Content starts

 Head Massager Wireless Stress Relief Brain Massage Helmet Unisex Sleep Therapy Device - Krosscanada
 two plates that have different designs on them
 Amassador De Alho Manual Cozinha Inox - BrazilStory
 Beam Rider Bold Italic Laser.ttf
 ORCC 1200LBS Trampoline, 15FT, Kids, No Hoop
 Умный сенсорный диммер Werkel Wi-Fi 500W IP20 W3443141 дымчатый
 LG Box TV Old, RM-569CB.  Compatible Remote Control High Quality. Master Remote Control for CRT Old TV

Content ends
Content starts

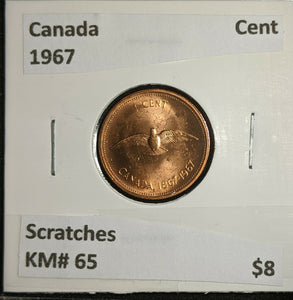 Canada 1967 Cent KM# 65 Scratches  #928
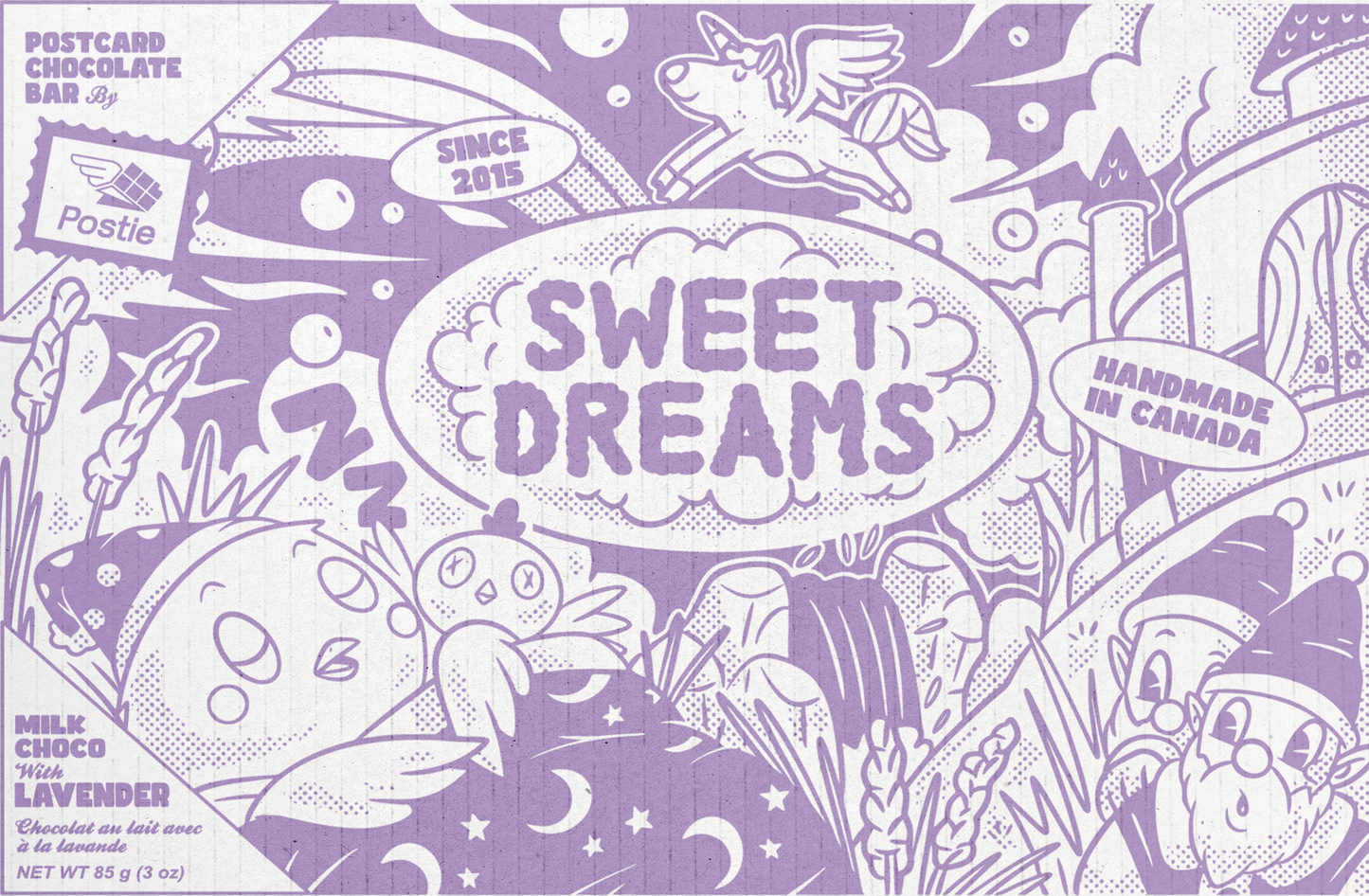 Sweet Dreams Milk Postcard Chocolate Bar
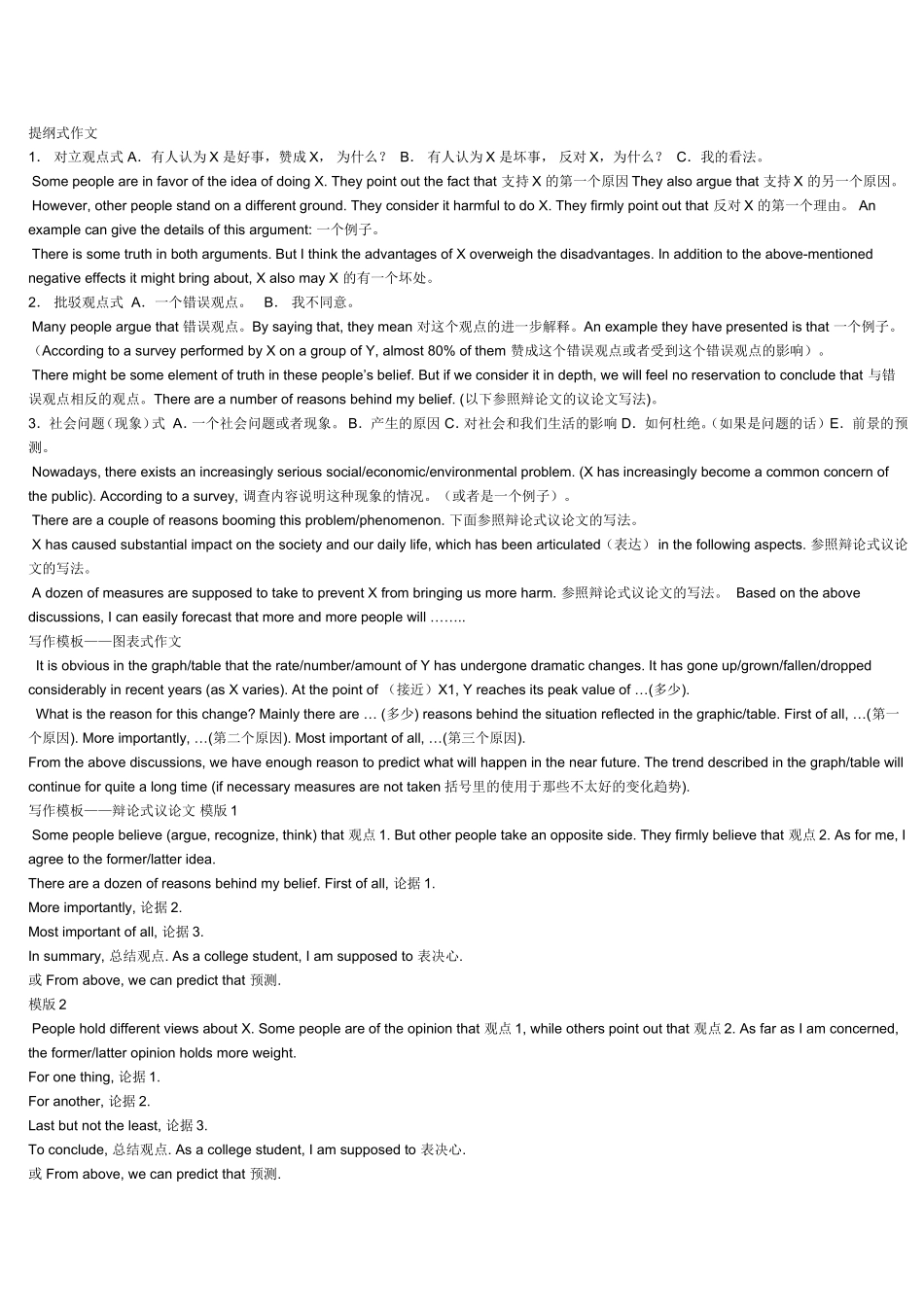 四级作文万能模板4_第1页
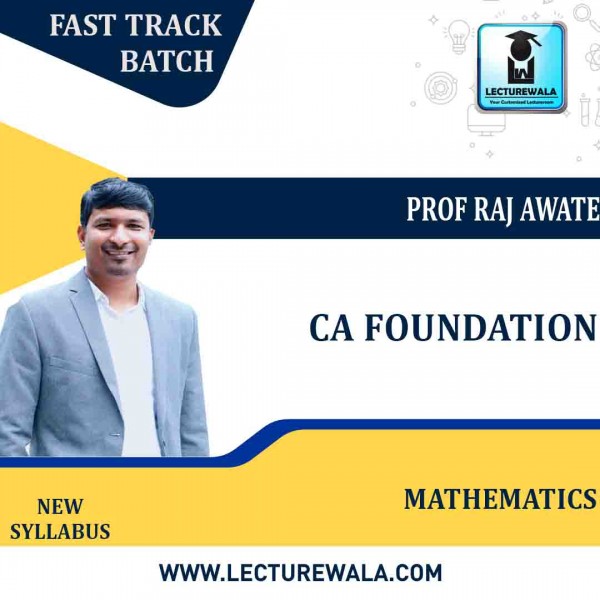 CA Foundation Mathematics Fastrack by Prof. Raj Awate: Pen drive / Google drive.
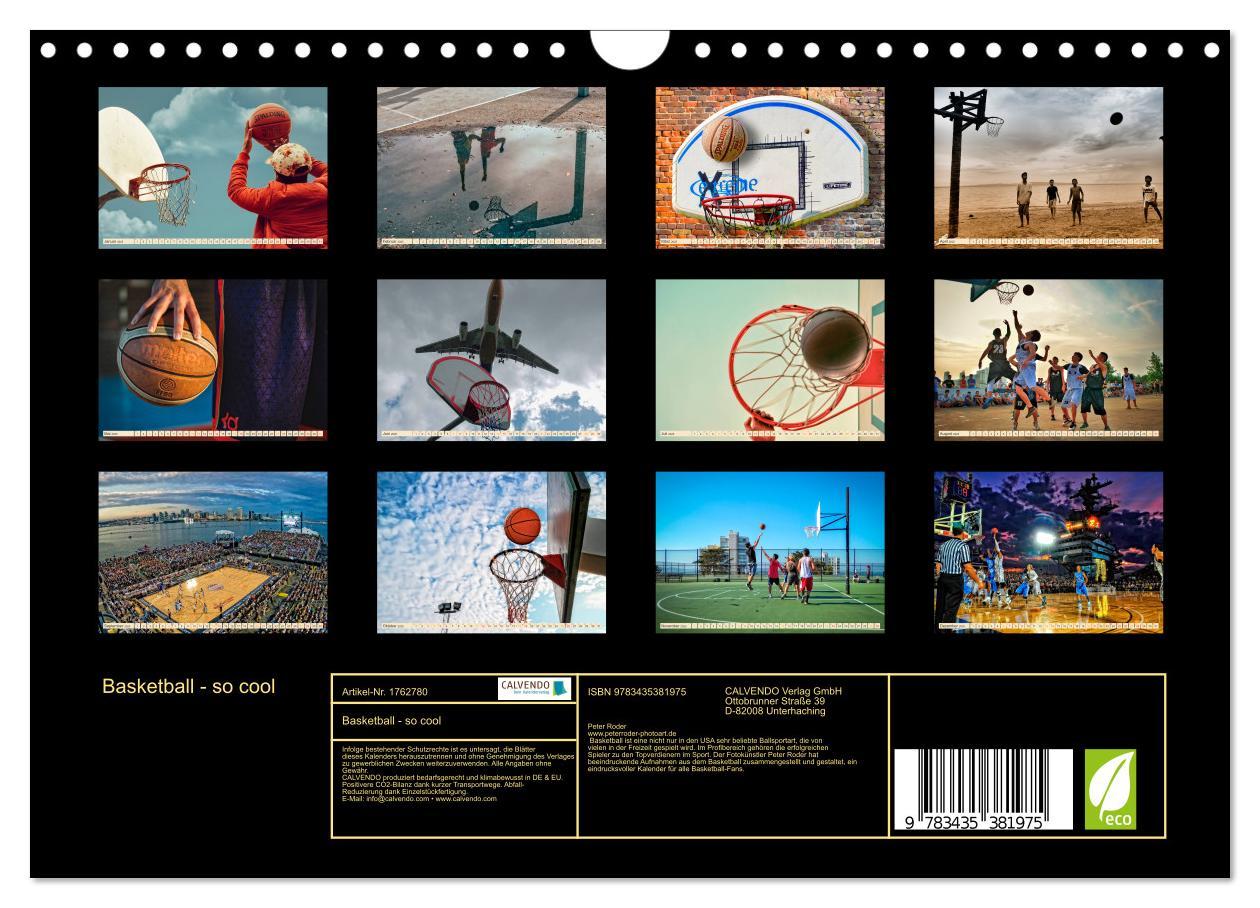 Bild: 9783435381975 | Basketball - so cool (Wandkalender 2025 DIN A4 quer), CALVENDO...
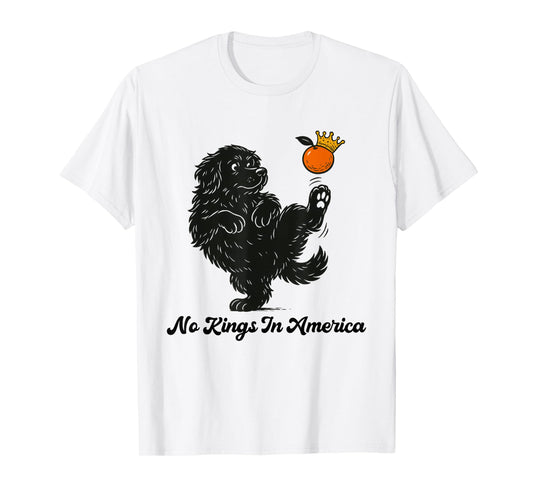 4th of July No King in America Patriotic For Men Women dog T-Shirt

Content ends

*WORK REQUIRED*: Give again, word for word, every line of the listing above from the one with "Head Massager Wireless" to the one with "LG Box TV Old, RM-569CB.", both inclusive, and nothing beyond them.

*EXPECTED OUTPUT*:
 Head Massager Wireless Stress Relief Brain Massage Helmet Unisex Sleep Therapy Device - Krosscanada
 two plates that have different designs on them
 Amassador De Alho Manual Cozinha Inox - BrazilStory
 Beam Rider Bold Italic Laser.ttf
 ORCC 1200LBS Trampoline, 15FT, Kids, No Hoop
 Умный сенсорный диммер Werkel Wi-Fi 500W IP20 W3443141 дымчатый
 LG Box TV Old, RM-569CB.  Compatible Remote Control High Quality. Master Remote Control for CRT Old TV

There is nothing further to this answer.